So you can have them face each other in two parallel lines, or you can have an inner circle and an outer circle, as long as one person is facing only one other person.

And then you can do it on a topic similar to the debate where there's really two sides and you ask the one side to take one side and the other side to take another side. But the difference with this is that the communication is only between the student and the student that he or she is facing, and they only have one or two minutes for the interaction.

So one student gets to speak for say, it's a minute, and the other student gets to respond for a minute. And then after that's over, I ask one line to shift, or one circle to take a step to the right or the left, and now each person has a new partner that they speak with.

Generally speaking, if you had one row be the pro and the other row be the con, then for the next iteration, you would switch roles. So there would be the con and the pro.

The advantages of this technique are that the students get to hear a lot of different opinions from a lot of different students. The fact that it takes only two minutes at most for each interaction means that you can do it several times, four times, five times. If you do it five times, it's only about 10 minutes, maybe 13 minutes with some time to translate.

So it's a pretty quick exercise. And by doing this lightning round, students can get many different perspectives from other students.

The other kind of question you can ask with a lightning round is you can ask a question, maybe you give students a few minutes beforehand to do a calculation or to solve a particular kind of problem.
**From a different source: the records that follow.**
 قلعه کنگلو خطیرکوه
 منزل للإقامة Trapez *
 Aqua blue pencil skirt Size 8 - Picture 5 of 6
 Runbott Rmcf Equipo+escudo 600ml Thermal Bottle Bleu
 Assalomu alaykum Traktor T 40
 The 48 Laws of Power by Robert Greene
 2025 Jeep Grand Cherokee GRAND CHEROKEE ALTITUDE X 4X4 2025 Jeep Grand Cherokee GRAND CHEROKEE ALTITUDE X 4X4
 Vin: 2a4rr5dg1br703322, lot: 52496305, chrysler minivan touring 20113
And then you say, OK, you have one minute to explain how you did the problem to your partner. And your partner has one minute to explain how he or she did the problem to you.
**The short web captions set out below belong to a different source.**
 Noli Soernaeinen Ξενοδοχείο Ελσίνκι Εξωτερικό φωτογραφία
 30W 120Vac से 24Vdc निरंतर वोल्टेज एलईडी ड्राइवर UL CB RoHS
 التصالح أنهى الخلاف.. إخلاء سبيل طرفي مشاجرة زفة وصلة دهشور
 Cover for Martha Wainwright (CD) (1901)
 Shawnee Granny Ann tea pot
And again, that lets students see other students' approaches, and it lets them think about their own approach in the context of the other person's approach.
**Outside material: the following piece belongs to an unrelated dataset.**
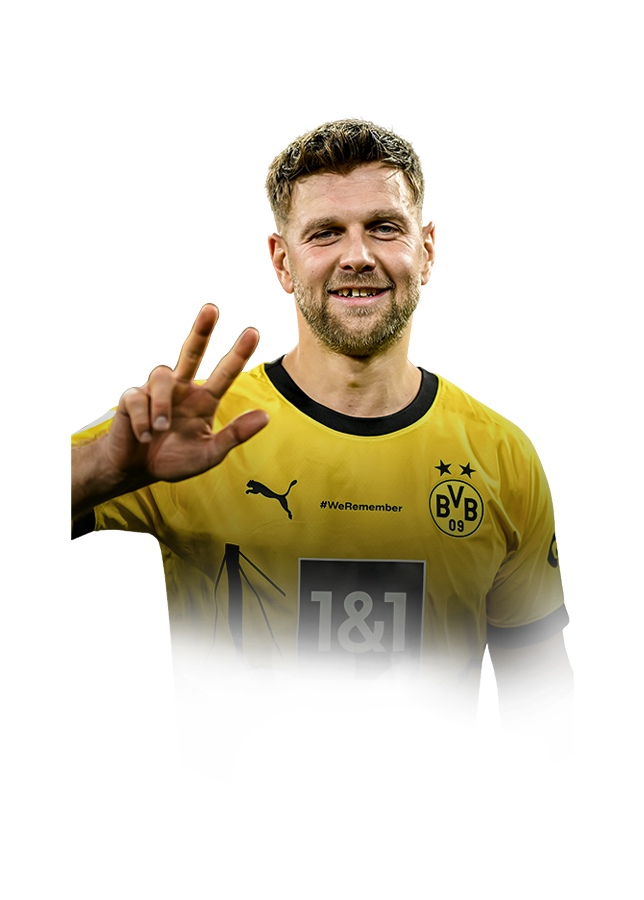 Füllkrug FIFA 24 Team of the Week Gold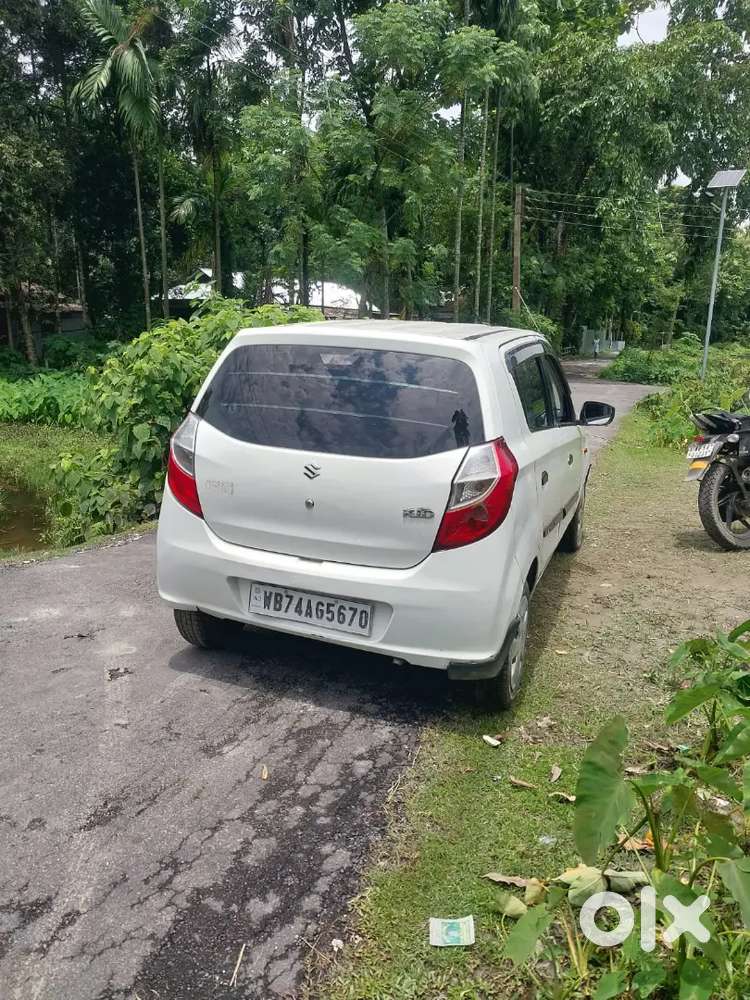 Maruti Suzuki Alto K10 2015 Petrol 68000 Km Driven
You also tell them they're allowed to change the way they think about the problem, or to think about the response, based on what they've heard in their previous pairing. So it lets students kind of iterate and develop their opinions kind of as they go.

A couple of disadvantages of the technique are that it's very, very noisy. So students are speaking with each other. They're really only about a foot apart, and everyone is speaking at the same time.

STUDENT: I originally thought there was going to be an increase, but then I learned that in the 1870's, there was like, a mini ice age.

JANET RANKIN: So depending on the class, depending on the personalities, depending on the people in the class, it may not be such a great technique. But the advantage is that it really gets everybody up. It gets everybody moving, even people that are really shy.

There's virtually nobody that will stand there for a minute and not say anything. Even people that are extremely shy are generally willing to talk with one other person.

And since you can't hear anything about what's going on in other groups or even the instructor can't hear what's going on, it's a fairly safe conversational situation. So that is an advantage of it.

The thing I like about it the most is that it gets students up. It gives them the opportunity to formulate an argument and to listen to the argument of others and then put their opinion, or argument, or answer in the context of other answers. And it lets them hear the opinions and responses of a lot of their peers in a very short period of time.

After I finish the lightning round, I always give students a minute, or two minutes, three minutes to sort of sit down and reflect on the exercise, what they learned, if their answer changed, how it changed, why it changed.

And then we usually do a large group report out to say, I thought this going in, but I heard from so-and-so and this is what I think now. So we do a little bit of a report out.

Also because of the fact that as the instructor, since you can't hear with students are saying, you want to know if there's some big misconception that's been propagated during the activity, and you would want to address that. So the report out for that exercise can be particularly important.